## Problem statement
Please write out only the lines from the line with "On to the master" to the line with "Enter a new", inclusive, exactly as they stand below, without the pictures.

## Source data
==================================================

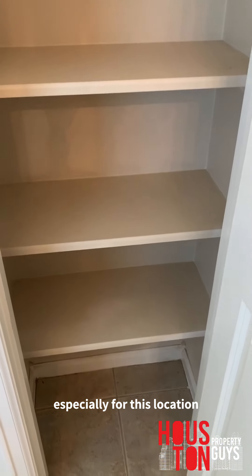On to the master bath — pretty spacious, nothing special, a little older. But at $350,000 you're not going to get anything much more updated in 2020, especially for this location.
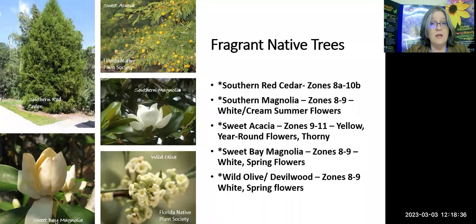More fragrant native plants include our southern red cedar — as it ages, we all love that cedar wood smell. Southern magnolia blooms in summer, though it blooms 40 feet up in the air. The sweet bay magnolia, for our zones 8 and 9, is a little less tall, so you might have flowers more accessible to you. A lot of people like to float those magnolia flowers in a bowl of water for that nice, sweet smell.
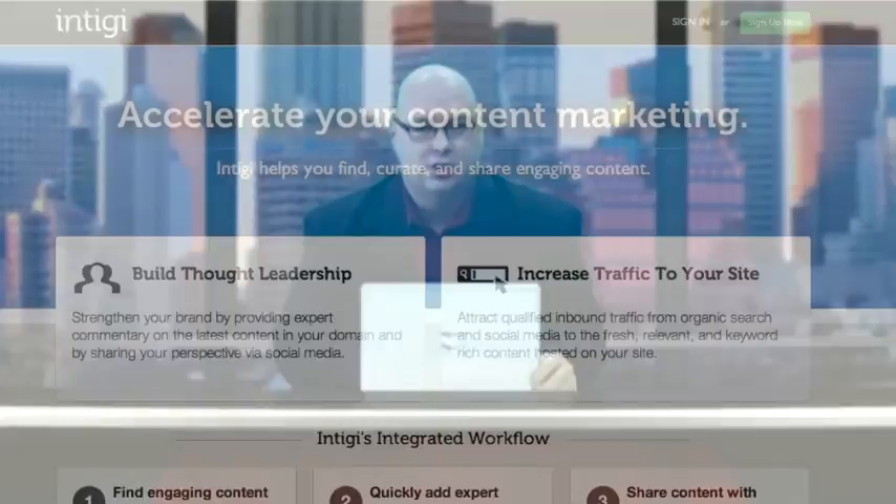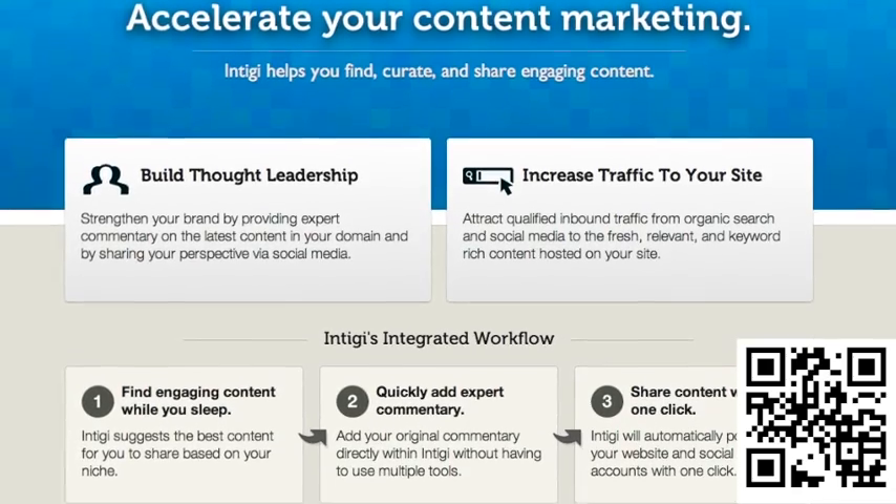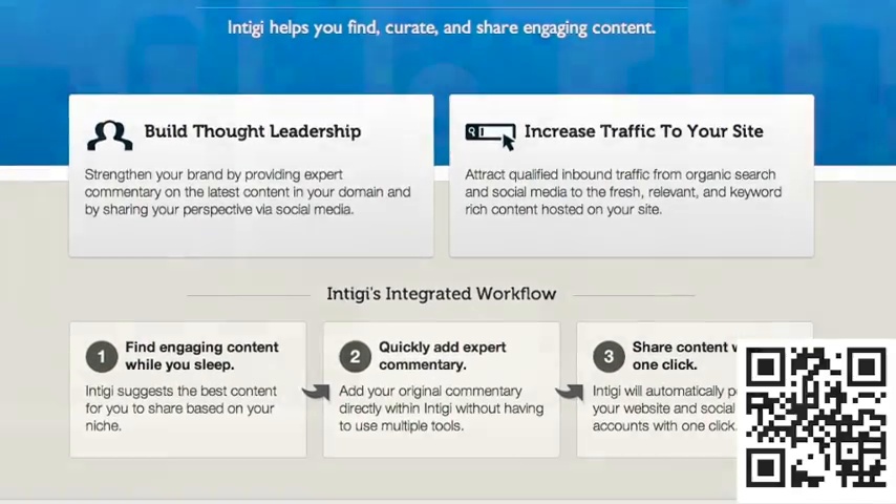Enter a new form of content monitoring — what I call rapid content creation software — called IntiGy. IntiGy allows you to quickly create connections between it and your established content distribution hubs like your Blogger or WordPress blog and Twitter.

==================================================

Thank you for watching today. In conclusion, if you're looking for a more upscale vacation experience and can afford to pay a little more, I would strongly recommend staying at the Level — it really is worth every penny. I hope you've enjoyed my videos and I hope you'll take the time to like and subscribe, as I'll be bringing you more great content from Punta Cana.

==================================================

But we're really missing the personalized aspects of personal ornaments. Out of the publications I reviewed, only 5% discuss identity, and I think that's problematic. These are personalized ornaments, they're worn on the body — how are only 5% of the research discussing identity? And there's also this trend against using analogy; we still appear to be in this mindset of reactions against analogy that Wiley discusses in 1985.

==================================================

## Written solution
On to the master bath — pretty spacious, nothing special, a little older. But at $350,000 you're not going to get anything much more updated in 2020, especially for this location.
More fragrant native plants include our southern red cedar — as it ages, we all love that cedar wood smell. Southern magnolia blooms in summer, though it blooms 40 feet up in the air. The sweet bay magnolia, for our zones 8 and 9, is a little less tall, so you might have flowers more accessible to you. A lot of people like to float those magnolia flowers in a bowl of water for that nice, sweet smell.
Enter a new form of content monitoring — what I call rapid content creation software — called IntiGy. IntiGy allows you to quickly create connections between it and your established content distribution hubs like your Blogger or WordPress blog and Twitter.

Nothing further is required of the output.